No. Extended Arabic-Indic numbers are in the range U+06F0..06F9. That
is the main Arabic block (U+0660..06FF). The two Arabic presentation
forms blocks are at U+FB50..FDFF and U+FE70..FEFF.

So the rest of your reasoning is moot, as these are not presentation forms.

No, just being located in the "Arabic Presentation Forms" block does not count.

Ok, they're not in presentation block A and B, but does this implies they're presentation forms or not? As Behdad says, this does not imply anything. So, we better look at the actual standard to see what to do. I'll be happy if you find a recommendation from the Unicode standard that matches to what you've said.

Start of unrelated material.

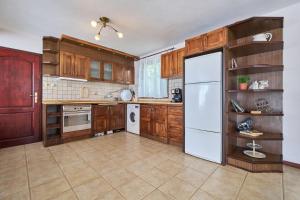 Una cocina o kitchenette en Super Cozy Villa with a Sea View and A Fireplace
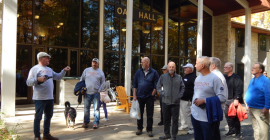 alumni infront of oak hall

Anyway, Unicode standard says:
 
There are many sets of characters that represent decimal digits in different scripts. Systems that interpret those characters numerically should provide the correct
numerical values.
For example, the sequence <U+0968 devanagari digit two, U+0966
devanagari digit zero> when numerically interpreted has the value twenty.

So, Unicode standard recommends that applications which want to process numerals, consider Hindi numerals as numeric values; So, it's all about processing input data. This is really useful in applications like PDF readers in which work with presentation forms of the characters. But is there anything against shaping digits according to context (in which you call 'hack')? I couldn't find anything.

Another thing, about keyboard layout for Persian in GNOME. If your reasoning was correct, why there are both Hindi and Arabic numerals on the keyboard? And also, let's see what Arabs did. Do they use Hindi numearls on their keyboard or we're the only one who goes this way?

I think your approach causes a lot of problems. For example, consider that you should send a number to via sms, to activate a service. In your approach, user should know whether sms server has implemented this feature or not! I think this is not a reasonable assumption.

Using context option, does not contradicts with processing Persian numerals. It does not need it in the first place, because it does not generate those characters normally, except for displaying purposes.

So, I should say that I'm not against patching applications and libraries and giving them ability to work with Persian numerals. I think dding context option could be a parallel solution that have several benefits, and seems to be compatible with Unicode standard.

Hooman Mehr

unread,
Aug 7, 2010, 4:06:22 AM8/7/10
to Hossein Noorikhah, Persian Computing
Hi, may I jump in?

Let me try to clarify the issue by asking a series of questions which (I hope) have obvious answers:

Consider a function that takes a number and returns a formatted and localized string representation of that number. 

1. Is it reasonable to expect such a function to be present in an application that claims to be internationalized and localizable?

2. Is it reasonable to assume that the above function should return Persian numerals when asked for localized string representation of a number for fa_IR (Persian/Iran) locale? 

3. If answer to 2 is yes, is it also reasonable to expect there to be an inverse function that takes the result of the above function and return the correct number? 

4. Is it reasonable to assume an application claiming to be internationalized and localizable has a bug if its number to/from strings conversion functions do not behave as above? 

5. Is it reasonable to assume an application claiming to be internationalized and localizable has a bug if it does not use the above functions when dealing with number to/from strings conversion?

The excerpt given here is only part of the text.